__WORK ITEM__:
Among the lines below, copy exactly those from the one with "浙江省台州市仙居县2023-2024学年" through the one with "화담숲-입장료-할인-운영시간", counting both ends.

__DATA FOR REVIEW__:
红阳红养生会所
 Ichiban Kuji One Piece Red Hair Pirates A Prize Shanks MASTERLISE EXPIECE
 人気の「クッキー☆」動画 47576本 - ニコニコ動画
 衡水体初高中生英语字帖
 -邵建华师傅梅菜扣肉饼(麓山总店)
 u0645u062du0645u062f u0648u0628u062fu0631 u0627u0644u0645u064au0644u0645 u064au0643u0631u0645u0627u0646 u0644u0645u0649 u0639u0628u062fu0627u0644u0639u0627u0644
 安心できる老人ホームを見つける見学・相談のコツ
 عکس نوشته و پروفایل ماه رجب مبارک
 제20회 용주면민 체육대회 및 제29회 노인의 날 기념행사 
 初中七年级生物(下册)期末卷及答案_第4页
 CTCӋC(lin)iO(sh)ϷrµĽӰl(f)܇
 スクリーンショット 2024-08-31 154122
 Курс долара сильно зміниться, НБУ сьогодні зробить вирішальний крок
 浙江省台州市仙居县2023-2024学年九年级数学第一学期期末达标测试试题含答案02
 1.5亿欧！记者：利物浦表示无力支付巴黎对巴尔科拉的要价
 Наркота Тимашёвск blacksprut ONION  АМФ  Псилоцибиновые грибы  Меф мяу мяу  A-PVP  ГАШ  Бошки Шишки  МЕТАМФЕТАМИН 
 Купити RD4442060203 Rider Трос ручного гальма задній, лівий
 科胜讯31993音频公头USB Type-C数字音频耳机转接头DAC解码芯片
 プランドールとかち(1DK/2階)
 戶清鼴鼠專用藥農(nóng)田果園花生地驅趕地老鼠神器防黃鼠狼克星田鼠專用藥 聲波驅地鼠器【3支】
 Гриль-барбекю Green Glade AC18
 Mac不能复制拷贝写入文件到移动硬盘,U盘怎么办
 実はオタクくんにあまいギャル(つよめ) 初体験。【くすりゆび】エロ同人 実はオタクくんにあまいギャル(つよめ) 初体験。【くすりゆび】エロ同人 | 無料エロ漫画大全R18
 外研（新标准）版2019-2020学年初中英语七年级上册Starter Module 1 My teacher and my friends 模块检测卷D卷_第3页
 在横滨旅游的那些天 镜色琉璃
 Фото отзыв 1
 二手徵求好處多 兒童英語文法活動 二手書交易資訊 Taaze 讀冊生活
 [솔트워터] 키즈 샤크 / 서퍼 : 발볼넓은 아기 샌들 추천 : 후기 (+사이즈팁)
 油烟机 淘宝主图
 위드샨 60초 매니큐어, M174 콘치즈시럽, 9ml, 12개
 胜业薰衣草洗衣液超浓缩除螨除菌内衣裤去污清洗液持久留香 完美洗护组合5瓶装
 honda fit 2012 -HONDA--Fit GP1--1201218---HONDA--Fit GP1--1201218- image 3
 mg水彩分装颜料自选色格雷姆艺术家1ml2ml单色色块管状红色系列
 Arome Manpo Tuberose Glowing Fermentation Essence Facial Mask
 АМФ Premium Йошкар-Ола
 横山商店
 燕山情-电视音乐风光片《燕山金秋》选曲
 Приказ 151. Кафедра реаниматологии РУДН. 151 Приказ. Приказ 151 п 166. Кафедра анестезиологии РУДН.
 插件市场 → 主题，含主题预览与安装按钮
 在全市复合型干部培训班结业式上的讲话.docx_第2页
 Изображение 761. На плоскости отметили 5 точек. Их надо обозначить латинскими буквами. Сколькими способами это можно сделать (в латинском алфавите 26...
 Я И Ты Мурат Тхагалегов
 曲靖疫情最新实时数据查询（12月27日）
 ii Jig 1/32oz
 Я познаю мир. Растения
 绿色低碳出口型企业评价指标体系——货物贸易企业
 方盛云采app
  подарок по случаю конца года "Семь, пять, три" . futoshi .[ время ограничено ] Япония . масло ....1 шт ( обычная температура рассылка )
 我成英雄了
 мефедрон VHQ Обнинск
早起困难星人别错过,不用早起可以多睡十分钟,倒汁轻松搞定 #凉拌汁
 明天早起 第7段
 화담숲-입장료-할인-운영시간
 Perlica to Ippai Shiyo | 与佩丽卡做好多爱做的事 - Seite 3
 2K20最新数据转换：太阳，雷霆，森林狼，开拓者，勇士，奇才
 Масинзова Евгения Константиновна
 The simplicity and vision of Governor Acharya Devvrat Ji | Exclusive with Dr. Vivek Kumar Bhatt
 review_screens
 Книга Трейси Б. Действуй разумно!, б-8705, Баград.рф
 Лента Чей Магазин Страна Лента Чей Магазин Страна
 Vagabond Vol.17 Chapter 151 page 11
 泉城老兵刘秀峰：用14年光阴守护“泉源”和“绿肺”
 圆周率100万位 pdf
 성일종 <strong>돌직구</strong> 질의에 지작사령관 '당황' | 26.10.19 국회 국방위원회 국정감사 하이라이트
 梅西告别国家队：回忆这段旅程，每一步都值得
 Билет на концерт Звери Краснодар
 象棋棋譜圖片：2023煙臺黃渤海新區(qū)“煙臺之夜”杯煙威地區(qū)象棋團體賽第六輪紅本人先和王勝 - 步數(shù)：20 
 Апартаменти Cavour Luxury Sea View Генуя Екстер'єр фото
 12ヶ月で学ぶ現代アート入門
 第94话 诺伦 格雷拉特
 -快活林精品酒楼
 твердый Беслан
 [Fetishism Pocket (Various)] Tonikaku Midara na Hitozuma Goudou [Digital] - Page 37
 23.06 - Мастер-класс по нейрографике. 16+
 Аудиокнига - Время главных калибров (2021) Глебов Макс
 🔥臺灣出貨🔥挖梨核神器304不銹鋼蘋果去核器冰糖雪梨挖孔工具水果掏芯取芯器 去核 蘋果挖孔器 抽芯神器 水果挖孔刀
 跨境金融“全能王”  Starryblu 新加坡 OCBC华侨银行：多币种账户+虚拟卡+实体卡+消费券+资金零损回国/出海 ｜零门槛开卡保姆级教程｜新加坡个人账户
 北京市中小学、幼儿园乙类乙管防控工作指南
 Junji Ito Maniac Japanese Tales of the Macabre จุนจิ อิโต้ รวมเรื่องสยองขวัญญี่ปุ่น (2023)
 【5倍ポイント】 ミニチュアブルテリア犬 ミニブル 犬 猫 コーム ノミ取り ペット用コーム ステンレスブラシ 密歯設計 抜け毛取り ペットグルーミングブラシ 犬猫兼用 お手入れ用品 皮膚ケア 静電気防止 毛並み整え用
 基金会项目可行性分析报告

__ANSWER SECTION__:
 浙江省台州市仙居县2023-2024学年九年级数学第一学期期末达标测试试题含答案02
 1.5亿欧！记者：利物浦表示无力支付巴黎对巴尔科拉的要价
 Наркота Тимашёвск blacksprut ONION  АМФ  Псилоцибиновые грибы  Меф мяу мяу  A-PVP  ГАШ  Бошки Шишки  МЕТАМФЕТАМИН 
 Купити RD4442060203 Rider Трос ручного гальма задній, лівий
 科胜讯31993音频公头USB Type-C数字音频耳机转接头DAC解码芯片
 プランドールとかち(1DK/2階)
 戶清鼴鼠專用藥農(nóng)田果園花生地驅趕地老鼠神器防黃鼠狼克星田鼠專用藥 聲波驅地鼠器【3支】
 Гриль-барбекю Green Glade AC18
 Mac不能复制拷贝写入文件到移动硬盘,U盘怎么办
 実はオタクくんにあまいギャル(つよめ) 初体験。【くすりゆび】エロ同人 実はオタクくんにあまいギャル(つよめ) 初体験。【くすりゆび】エロ同人 | 無料エロ漫画大全R18
 外研（新标准）版2019-2020学年初中英语七年级上册Starter Module 1 My teacher and my friends 模块检测卷D卷_第3页
 在横滨旅游的那些天 镜色琉璃
 Фото отзыв 1
 二手徵求好處多 兒童英語文法活動 二手書交易資訊 Taaze 讀冊生活
 [솔트워터] 키즈 샤크 / 서퍼 : 발볼넓은 아기 샌들 추천 : 후기 (+사이즈팁)
 油烟机 淘宝主图
 위드샨 60초 매니큐어, M174 콘치즈시럽, 9ml, 12개
 胜业薰衣草洗衣液超浓缩除螨除菌内衣裤去污清洗液持久留香 完美洗护组合5瓶装
 honda fit 2012 -HONDA--Fit GP1--1201218---HONDA--Fit GP1--1201218- image 3
 mg水彩分装颜料自选色格雷姆艺术家1ml2ml单色色块管状红色系列
 Arome Manpo Tuberose Glowing Fermentation Essence Facial Mask
 АМФ Premium Йошкар-Ола
 横山商店
 燕山情-电视音乐风光片《燕山金秋》选曲
 Приказ 151. Кафедра реаниматологии РУДН. 151 Приказ. Приказ 151 п 166. Кафедра анестезиологии РУДН.
 插件市场 → 主题，含主题预览与安装按钮
 在全市复合型干部培训班结业式上的讲话.docx_第2页
 Изображение 761. На плоскости отметили 5 точек. Их надо обозначить латинскими буквами. Сколькими способами это можно сделать (в латинском алфавите 26...
 Я И Ты Мурат Тхагалегов
 曲靖疫情最新实时数据查询（12月27日）
 ii Jig 1/32oz
 Я познаю мир. Растения
 绿色低碳出口型企业评价指标体系——货物贸易企业
 方盛云采app
  подарок по случаю конца года "Семь, пять, три" . futoshi .[ время ограничено ] Япония . масло ....1 шт ( обычная температура рассылка )
 我成英雄了
 мефедрон VHQ Обнинск
早起困难星人别错过,不用早起可以多睡十分钟,倒汁轻松搞定 #凉拌汁
 明天早起 第7段
 화담숲-입장료-할인-운영시간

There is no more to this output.